The X-ray light from this source varied on a time scale of a couple of days, which is not generally seen in quasars with great voids as large as the one living in J1144. The typical timescale of irregularity for a black hole of this size would be on the order of months or even years. The observations likewise showed that while a part of the gas is swallowed by the black hole, some gas is ejected in the type of very powerful winds, injecting large quantities of energy into the host galaxy.
Dr. Kammoun, lead author of the paper, states “We were very shocked that no previous X-ray observatory has actually ever observed this source despite its extreme power.”
He includes, “Similar quasars are typically discovered at much larger distances, so they appear much fainter, and we see them as they were when the Universe was only 2-3 billion years of ages. J1144 is a very rare source as it is so luminescent and much closer to Earth (although still at a substantial distance!), providing us a distinct glimpse of what such effective quasars appear like.”
” A new tracking campaign of this source will begin in June this year, which might expose more surprises from this unique source.”
Recommendation: “The very first X-ray take a look at SMSS J114447.77-430859.3: the most luminescent quasar in the last 9 Gyr” by E S Kammoun, Z Igo, J M Miller, A C Fabian, M T Reynolds, A Merloni, D Barret, E Nardini, P O Petrucci, E Piconcelli, S Barnier, J Buchner, T Dwelly, I Grotova, M Krumpe, T Liu, K Nandra, A Rau, M Salvato, T Urrutia and J Wolf, 3 April 2023, Monthly Notices of the Royal Astronomical Society.DOI: 10.1093/ mnras/stad952.

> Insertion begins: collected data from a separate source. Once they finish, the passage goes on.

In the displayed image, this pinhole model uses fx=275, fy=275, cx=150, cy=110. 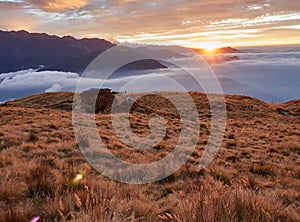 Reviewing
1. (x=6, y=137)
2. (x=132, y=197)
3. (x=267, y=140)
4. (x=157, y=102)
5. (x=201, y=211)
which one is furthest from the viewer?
(x=157, y=102)

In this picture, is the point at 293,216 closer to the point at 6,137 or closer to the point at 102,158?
the point at 102,158

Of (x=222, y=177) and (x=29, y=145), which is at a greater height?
(x=29, y=145)

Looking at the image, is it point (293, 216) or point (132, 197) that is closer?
point (293, 216)

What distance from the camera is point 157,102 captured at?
43250mm

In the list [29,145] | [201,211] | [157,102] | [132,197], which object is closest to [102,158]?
[29,145]

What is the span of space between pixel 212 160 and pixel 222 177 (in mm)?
2721

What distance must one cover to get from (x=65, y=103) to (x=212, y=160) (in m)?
29.7

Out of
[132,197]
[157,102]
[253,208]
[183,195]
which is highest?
A: [253,208]

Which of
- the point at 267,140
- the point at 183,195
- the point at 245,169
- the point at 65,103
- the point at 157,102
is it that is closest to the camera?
the point at 183,195

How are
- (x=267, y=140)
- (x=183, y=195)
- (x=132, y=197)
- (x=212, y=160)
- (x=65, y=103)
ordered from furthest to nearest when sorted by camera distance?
(x=65, y=103) < (x=267, y=140) < (x=212, y=160) < (x=183, y=195) < (x=132, y=197)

Researchers have observed the X-ray emissions of the brightest quasar ever recorded in the previous 9 billion years of cosmic history. Quasars are among the brightest and most remote things in the recognized universe, powered by the fall of gas into a supermassive black hole. The group likewise discovered that the mass of the black hole at the quasars center is around 10 billion times the mass of the Sun, and the rate at which it is growing to be of the order of 100 solar masses per year.
The X-ray light from this source varied on a time scale of a couple of days, which is not usually seen in quasars with black holes as big as the one residing in J1144.